▶ **GOAL OF THE EXERCISE**
Word for word, please copy the listing below, with its pictures left out.

== SOURCE DATA ==

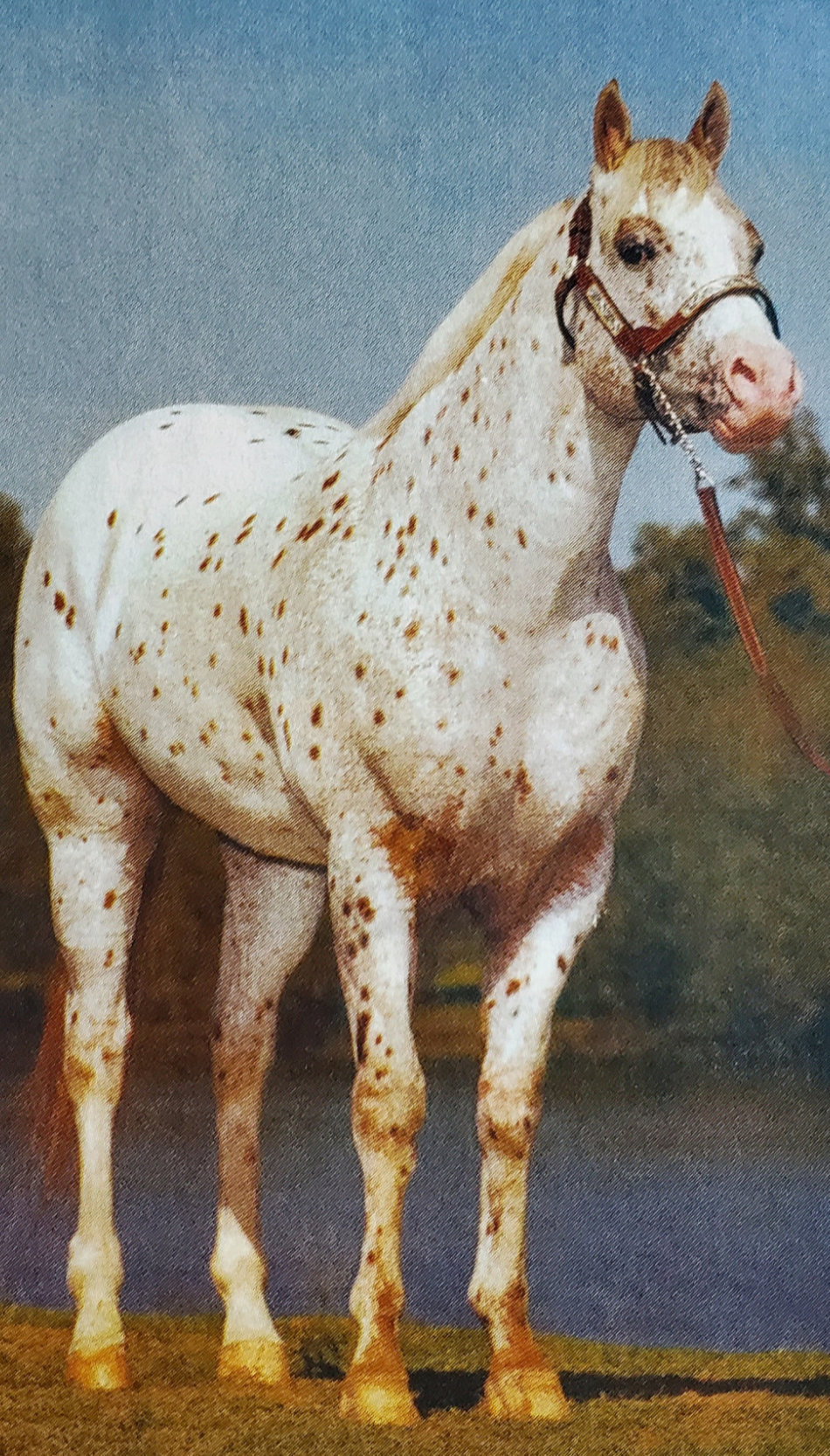 PRINCE SHANNON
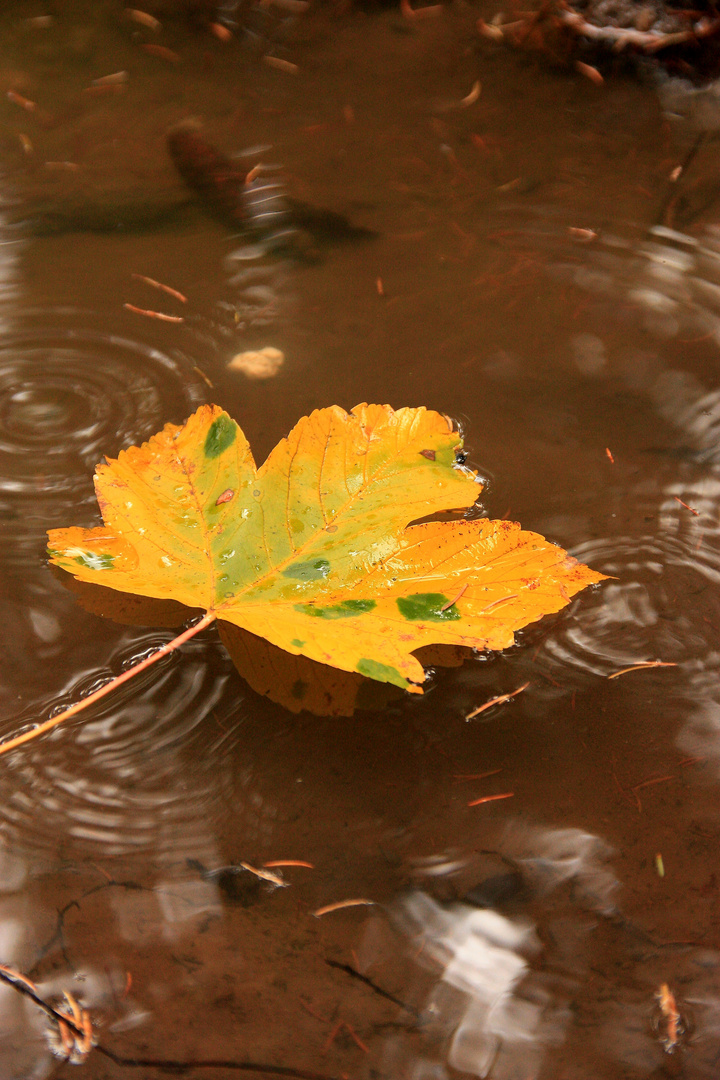 das schwimmende Blatt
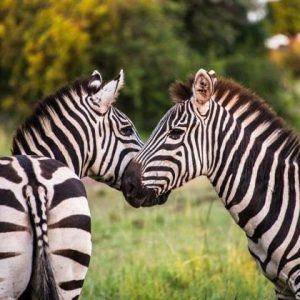 Arusha National Park activities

===

▶ **ANSWER BOX**
 PRINCE SHANNON
 das schwimmende Blatt
 Arusha National Park activities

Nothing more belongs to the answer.